* LISTED ENTRIES *

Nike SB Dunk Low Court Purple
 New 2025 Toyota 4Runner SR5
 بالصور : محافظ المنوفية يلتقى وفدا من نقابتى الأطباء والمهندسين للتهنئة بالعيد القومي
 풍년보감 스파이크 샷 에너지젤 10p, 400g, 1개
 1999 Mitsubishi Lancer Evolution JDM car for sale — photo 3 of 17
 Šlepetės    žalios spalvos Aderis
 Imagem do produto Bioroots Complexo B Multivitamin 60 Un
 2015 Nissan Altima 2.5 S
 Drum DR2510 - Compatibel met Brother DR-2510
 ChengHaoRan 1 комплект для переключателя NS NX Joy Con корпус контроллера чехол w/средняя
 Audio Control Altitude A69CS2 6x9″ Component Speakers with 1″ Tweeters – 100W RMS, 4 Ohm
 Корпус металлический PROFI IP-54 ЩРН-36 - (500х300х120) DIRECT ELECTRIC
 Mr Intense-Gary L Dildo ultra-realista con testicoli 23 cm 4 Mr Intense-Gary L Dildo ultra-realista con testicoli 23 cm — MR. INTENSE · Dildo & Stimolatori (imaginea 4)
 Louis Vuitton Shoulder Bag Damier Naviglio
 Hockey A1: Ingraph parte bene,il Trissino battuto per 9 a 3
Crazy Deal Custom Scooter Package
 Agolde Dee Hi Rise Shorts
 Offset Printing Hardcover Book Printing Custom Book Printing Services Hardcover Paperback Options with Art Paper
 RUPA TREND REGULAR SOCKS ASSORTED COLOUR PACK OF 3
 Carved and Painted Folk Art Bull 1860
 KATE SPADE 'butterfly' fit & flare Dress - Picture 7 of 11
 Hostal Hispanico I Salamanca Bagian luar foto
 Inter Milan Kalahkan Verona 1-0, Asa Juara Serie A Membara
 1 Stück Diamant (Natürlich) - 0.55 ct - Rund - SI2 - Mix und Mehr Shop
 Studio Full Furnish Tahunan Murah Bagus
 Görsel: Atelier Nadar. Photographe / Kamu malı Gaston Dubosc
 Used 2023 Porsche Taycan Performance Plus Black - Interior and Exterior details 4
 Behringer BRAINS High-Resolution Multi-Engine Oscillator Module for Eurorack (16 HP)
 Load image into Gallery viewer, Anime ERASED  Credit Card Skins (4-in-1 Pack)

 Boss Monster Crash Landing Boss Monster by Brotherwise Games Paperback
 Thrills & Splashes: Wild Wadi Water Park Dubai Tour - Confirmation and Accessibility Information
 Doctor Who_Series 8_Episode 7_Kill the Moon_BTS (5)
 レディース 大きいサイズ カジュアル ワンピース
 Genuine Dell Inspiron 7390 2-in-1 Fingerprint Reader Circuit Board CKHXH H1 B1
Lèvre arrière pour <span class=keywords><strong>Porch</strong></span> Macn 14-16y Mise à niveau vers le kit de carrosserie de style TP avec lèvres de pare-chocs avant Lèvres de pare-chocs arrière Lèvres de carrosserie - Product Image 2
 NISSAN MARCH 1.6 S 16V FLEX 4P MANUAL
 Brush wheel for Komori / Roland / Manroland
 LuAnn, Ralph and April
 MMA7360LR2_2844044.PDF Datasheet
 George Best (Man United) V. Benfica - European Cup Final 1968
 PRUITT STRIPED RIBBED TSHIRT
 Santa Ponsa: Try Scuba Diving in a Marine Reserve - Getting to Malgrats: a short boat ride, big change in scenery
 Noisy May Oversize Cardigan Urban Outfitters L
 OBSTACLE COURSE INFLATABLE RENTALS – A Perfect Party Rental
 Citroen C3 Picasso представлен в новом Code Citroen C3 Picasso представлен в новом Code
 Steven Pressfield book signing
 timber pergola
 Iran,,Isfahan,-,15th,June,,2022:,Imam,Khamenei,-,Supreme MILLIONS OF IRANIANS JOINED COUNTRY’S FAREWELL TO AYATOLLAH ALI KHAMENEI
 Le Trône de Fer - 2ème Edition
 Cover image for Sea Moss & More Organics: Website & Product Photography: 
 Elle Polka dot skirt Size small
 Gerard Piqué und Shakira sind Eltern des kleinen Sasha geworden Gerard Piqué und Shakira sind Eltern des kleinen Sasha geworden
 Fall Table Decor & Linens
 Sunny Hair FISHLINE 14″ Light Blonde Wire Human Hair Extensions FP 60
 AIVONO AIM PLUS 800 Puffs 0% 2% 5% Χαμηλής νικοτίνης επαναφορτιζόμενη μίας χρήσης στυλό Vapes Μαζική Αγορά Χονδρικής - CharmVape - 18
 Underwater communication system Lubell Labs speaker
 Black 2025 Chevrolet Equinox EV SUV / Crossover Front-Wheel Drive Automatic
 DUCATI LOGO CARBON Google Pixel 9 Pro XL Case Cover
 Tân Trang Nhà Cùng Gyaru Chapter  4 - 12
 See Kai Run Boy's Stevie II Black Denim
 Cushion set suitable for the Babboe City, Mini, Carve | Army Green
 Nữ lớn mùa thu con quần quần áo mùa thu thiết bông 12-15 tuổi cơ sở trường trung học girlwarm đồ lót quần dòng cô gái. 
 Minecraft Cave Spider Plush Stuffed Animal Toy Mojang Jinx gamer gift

* WORK INSTRUCTION *
In the listing above, the lines from the one containing "Fall Table Decor & Linens" through the one containing "AIVONO AIM PLUS" must be set down exactly, with no other lines.

* ANSWER TO THE EXERCISE *
 Fall Table Decor & Linens
 Sunny Hair FISHLINE 14″ Light Blonde Wire Human Hair Extensions FP 60
 AIVONO AIM PLUS 800 Puffs 0% 2% 5% Χαμηλής νικοτίνης επαναφορτιζόμενη μίας χρήσης στυλό Vapes Μαζική Αγορά Χονδρικής - CharmVape - 18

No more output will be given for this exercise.